One keeps waiting for Russell Crowe to slip up and star in a bad movie and so far he’s gladly been able to disappoint us – well the good news with ‘Master’ is that he’s done it again. Peter Weir’s sailing epic has proven quite a surprise – its extremely good and whilst its trailers were on the limp side, the film itself plays like a great “Horatio Hornblower” episode if they had a real budget and more cinematic hands behind the helm. In a few short months thanks to the likes of this and “Pirates of the Caribbean”, the sea-faring swashbuckler flick has gone from being a pariah in movie circles, to the next great ‘reborn craze’ like all the sword & sandal epics currently in production which got new life thanks to “Gladiator”.

But whereas ‘Pirates’ was a deftly entertaining crowd-pleaser with action and a family/youth-oriented slant, ‘Master’ is an altogether different beast – a smart adult character drama which mixes equal amounts of realistically clever strategic action sequences, quiet moments of contemplation, and a meticulous attention to detail. Weir has proven one of the great filmmakers and this is amongst his best efforts since the likes of his early Australian work with the epic war drama “Gallipoli” or the hauntingly tragic “Picnic at Hanging Rock”.

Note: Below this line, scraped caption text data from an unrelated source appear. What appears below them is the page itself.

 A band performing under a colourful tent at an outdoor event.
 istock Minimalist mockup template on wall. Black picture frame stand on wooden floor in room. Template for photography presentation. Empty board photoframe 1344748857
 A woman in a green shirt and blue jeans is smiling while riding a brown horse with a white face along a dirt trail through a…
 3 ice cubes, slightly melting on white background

‘Master’ is a unique film in a few ways – firstly the narrative is set almost entirely on or below the decks of the sailing vessel HMS Surprise, whilst the characters themselves are the sole ones on-screen. Sure we get glimpses of island natives and the enemy ship’s crew, but they’re brief and only enough time for one or two lines – this is entirely about the crewmen onboard the ship and their interactions with each other. There’s no real story except for the pursuit of the enemy French vessel Acheron, and even that antagonist not only goes missing for much of the film but when it does appear its more like a force of nature than anything else as we know nothing about the crew which remain faceless and unseen for practically the full runtime.

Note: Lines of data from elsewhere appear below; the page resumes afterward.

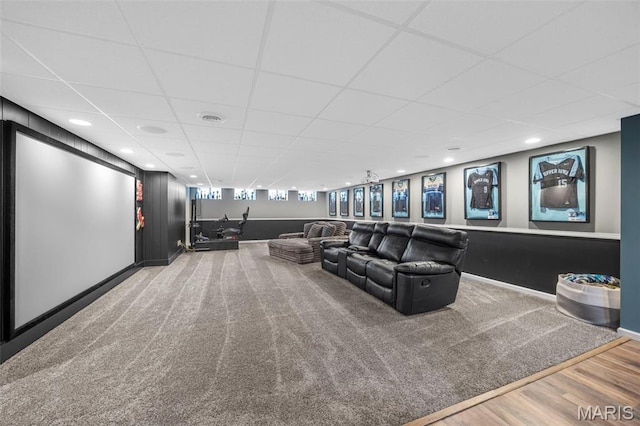 cinema featuring a drop ceiling, wood finished floors, and recessed lighting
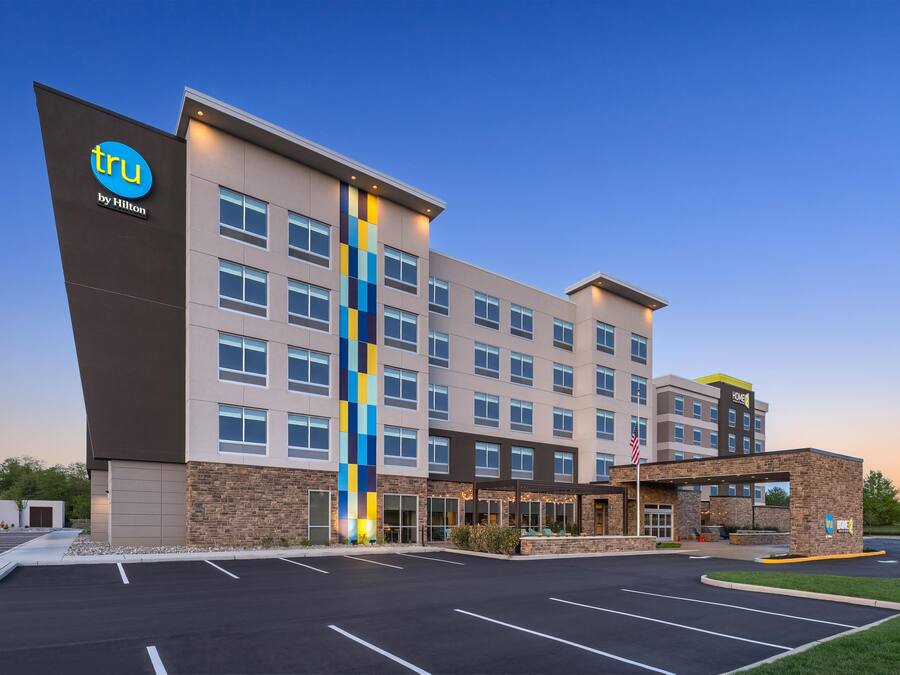 Un hôtel au design moderne, avec plusieurs étages et un parking.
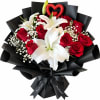 Bouquet of red roses and white lilies wrapped in black paper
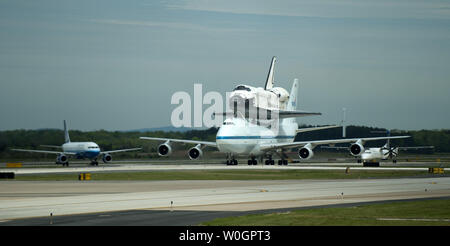 Lo Space Shuttle Discovery, equitazione sopra di NASA 747 vettore navetta aerei, taxi sulla pista dopo l'atterraggio all'Aeroporto Internazionale di Dulles a Chantilly, Virginia il 17 aprile 2012. Discovery, che si è conclusa è ultima missione il 9 marzo 2011, è stato messo in esposizione permanente presso il Smithsonian nazionale dell'aria e dello spazio MuseumÍs Udvar-Hazy Center in Chantily, Virginia. UPI/Kevin Dietsch Foto Stock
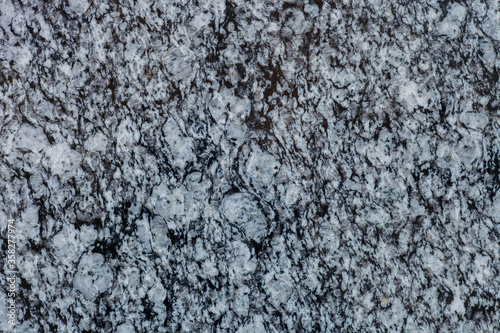 Granite wall dark texture. Grey natural stone background © dmf87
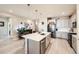 Bright kitchen with stainless steel appliances, a center island, and plenty of storage at 4051 Happy Hollow Dr, Castle Rock, CO 80104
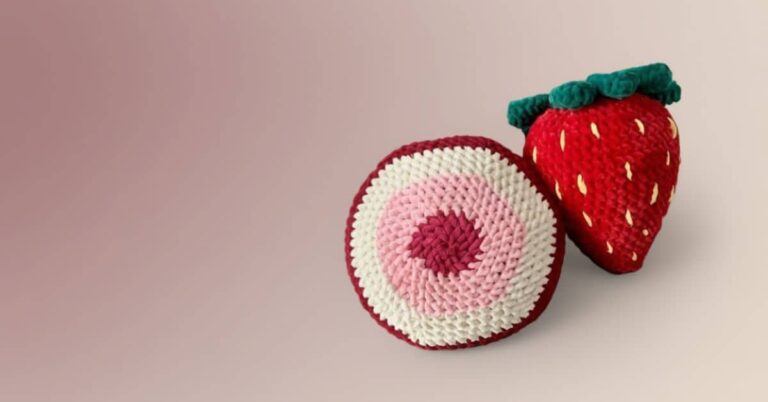 Close-up de capa de almofada de crochê em forma de morango e outra redonda com listras rosa, branca e vinho.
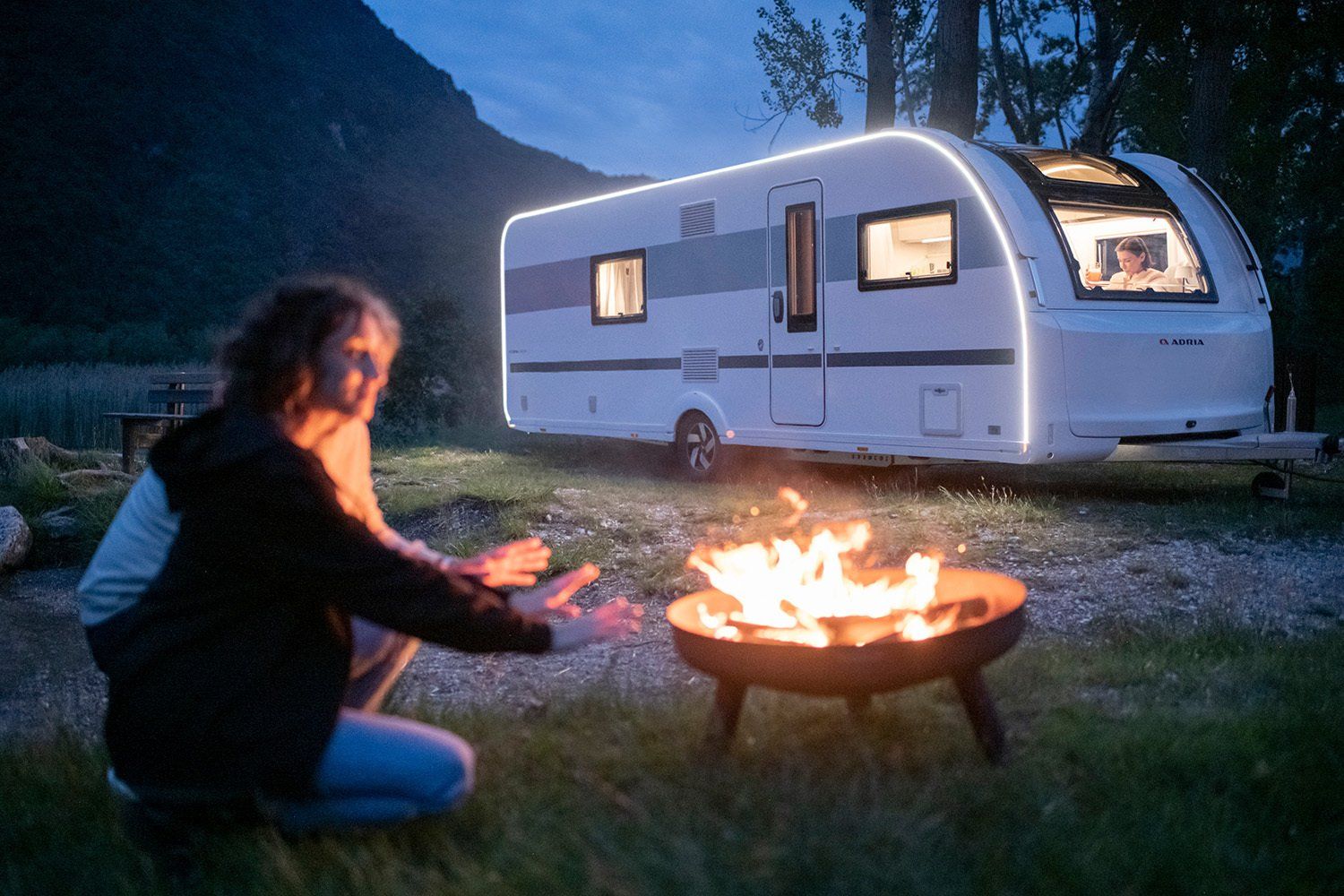 Two people by a campfire near a lit white RV at dusk, surrounded by trees and a mountain.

Yet for over two hours it remains completely captivating. A lot of it has to do with the cast which truly work well together. Crowe is a major talent absolutely no question, he ALWAYS gives it a go in every performance he does and yet while his portrayal here isn’t a memorable performance like some of his more recent work (ala “The Insider”, “A Beautiful Mind”), its still a rock solid anchor around which everyone gyrates. Crowe’s matched, if not beaten by co-star Paul Bettany as the more science-oriented Maturin – both of these very opposite characters play off each other extremely well and the ‘friendship’ aspect of the two is handled with great care and thus comes off with pitch perfect credibility. The various young faces of the cast lend strong support, especially Max Pirkis as a very young blond sailor whom Aubrey takes under his wing after a terrible injury is sustained in the opening sequence.

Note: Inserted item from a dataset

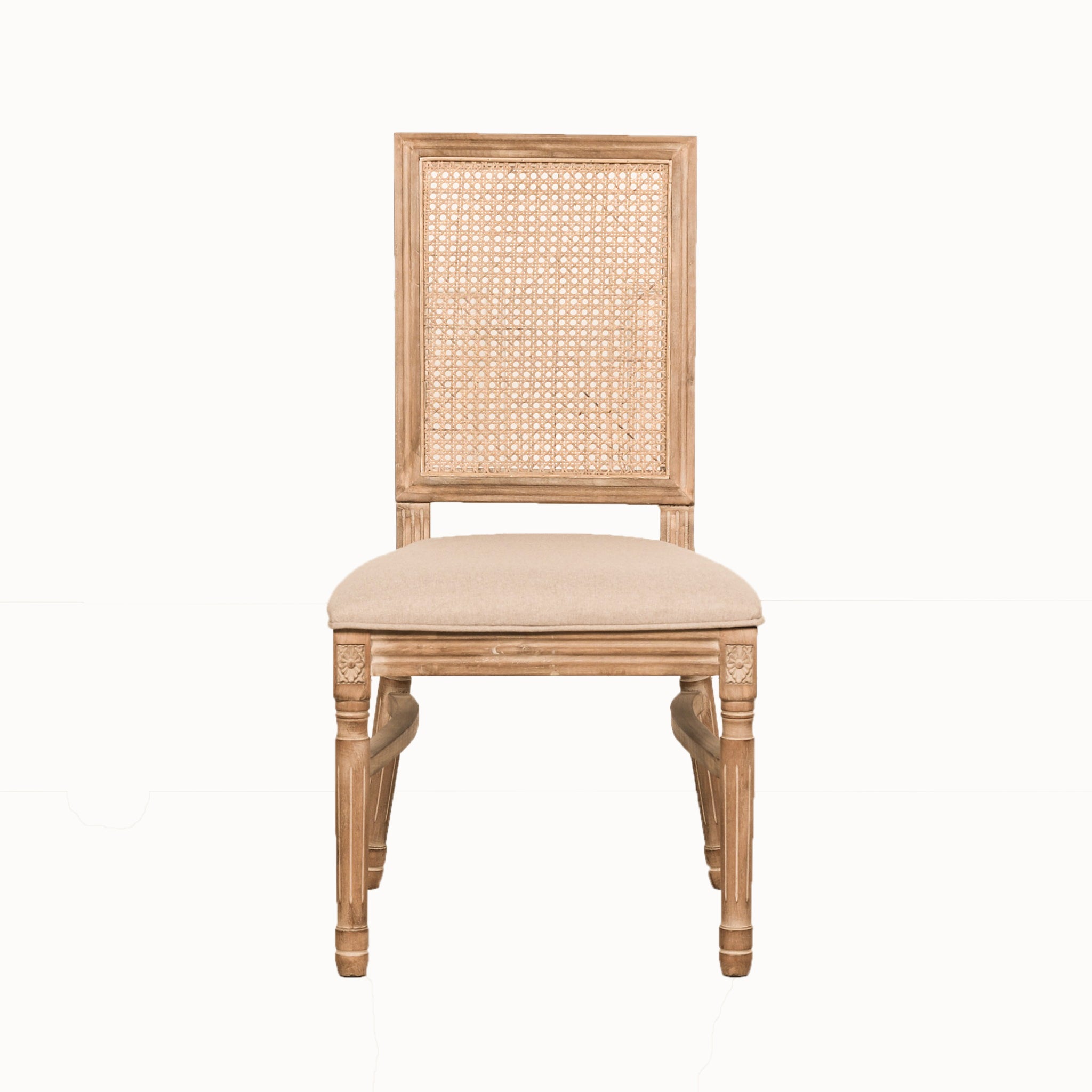 Front view of the Camille French Louis Rattan Back Dining Chair featuring a woven rattan backrest, linen upholstered seat and hand-carved wooden frame on a white background.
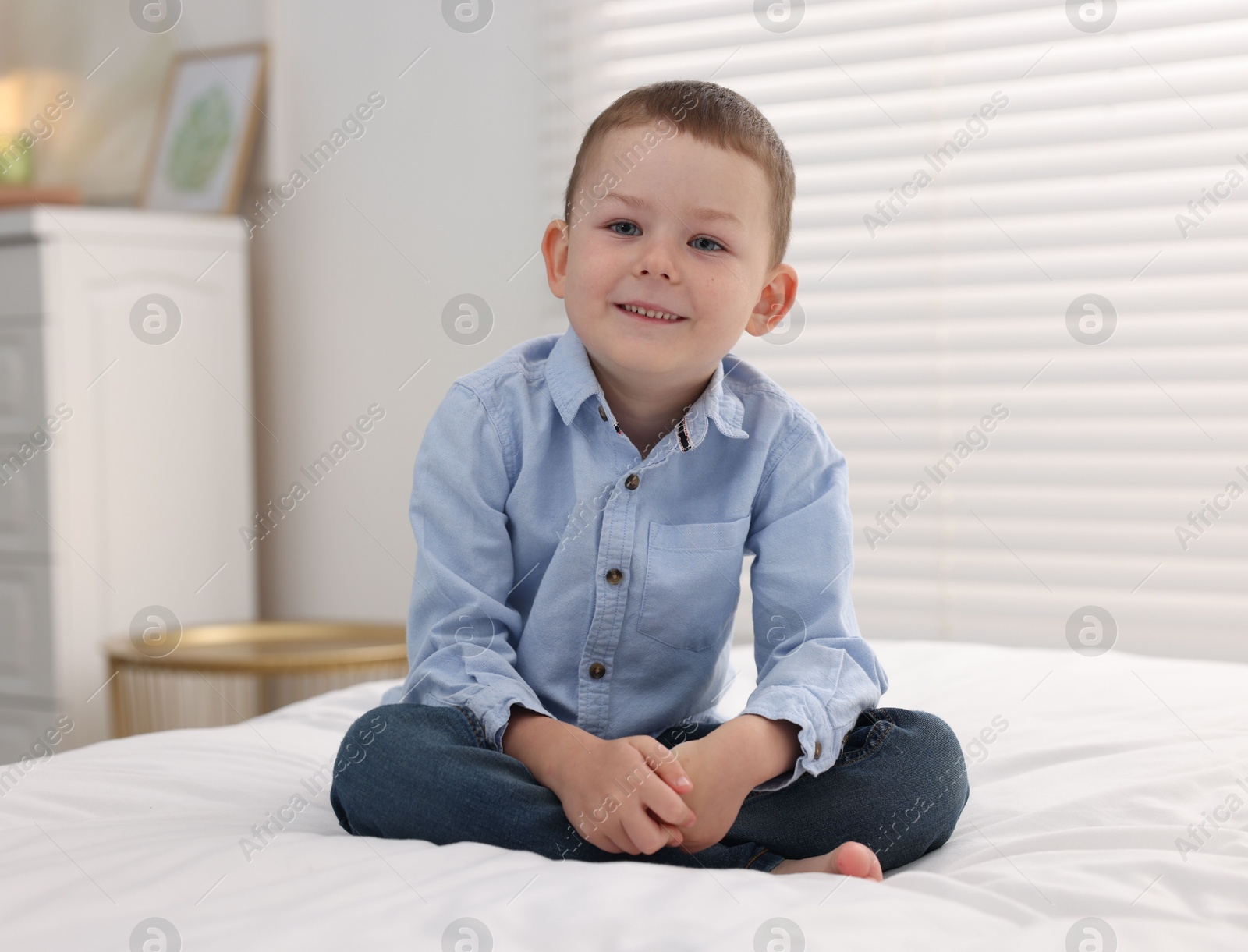 Smiling little boy on bed at home Photo of Smiling little boy on bed at home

The behind-the-scenes talent is equally up to the task, most notably Russell Boyd. Cinematography wise this is one of the more stunning looking movies of the year, truly epic in visual scope and combined with long-time collaborator Weir, Boyd’s steady hand makes the stark beauty of the Galapagos Islands or the raging waters of the South Seas around Cape Horn and Tierra Del Fuego look superb. The score, the editing, etc. are all quite beautifully handled. Both towards the start and end are some great suspenseful chase and action scenes involving the enemy ship which work the tension level extremely well without going overboard (no pun intended). Production value wise this film is simply immaculate.

Yet it all stops just short of becoming a classic. Why? Well most notably the whole point of the film. The best epics revolve around a key central plot with a lot personally at stake for the protagonist and while there is one here with the French vessel’s pursuit, it feels like its not taken seriously at times and completely ignored at others. There’s all sorts of little subplots and vignettes in here (eg. the drowning sailor, the bullied lieutenant) which while enjoyable, are essentially padding as they add little to the plot or character development. Crowe and Bettany obviously stand out of the crowd of course, but many of the other sailors remain nameless faces despite quite a few having dialogue (for example Billy Boyd who keeps popping up here and there with little explanation). The lack of laughter doesn’t help alleviate some of the ‘lighter’ scenes, and the odd attempts at humour (such as the dinner dessert) are painfully bad.

Like I said before, this is no ‘Pirates’. Its smarter, slower, expertly made and realistic, but more internal and serious too. Its a production made by some of the most skilled people in the business – the kind of people who churn out films rather than products, where quality is far more important than time or quantity. Thus the end result speaks for itself. As films go this year this is one of the highlights, certainly not the best but it is amongst the real quality efforts of the year. Audiences might find it a little soggy & talkative, but that’s part of its charm – its a nicely intimate piece crafted with more intelligence than many films out there and for that it should be applauded.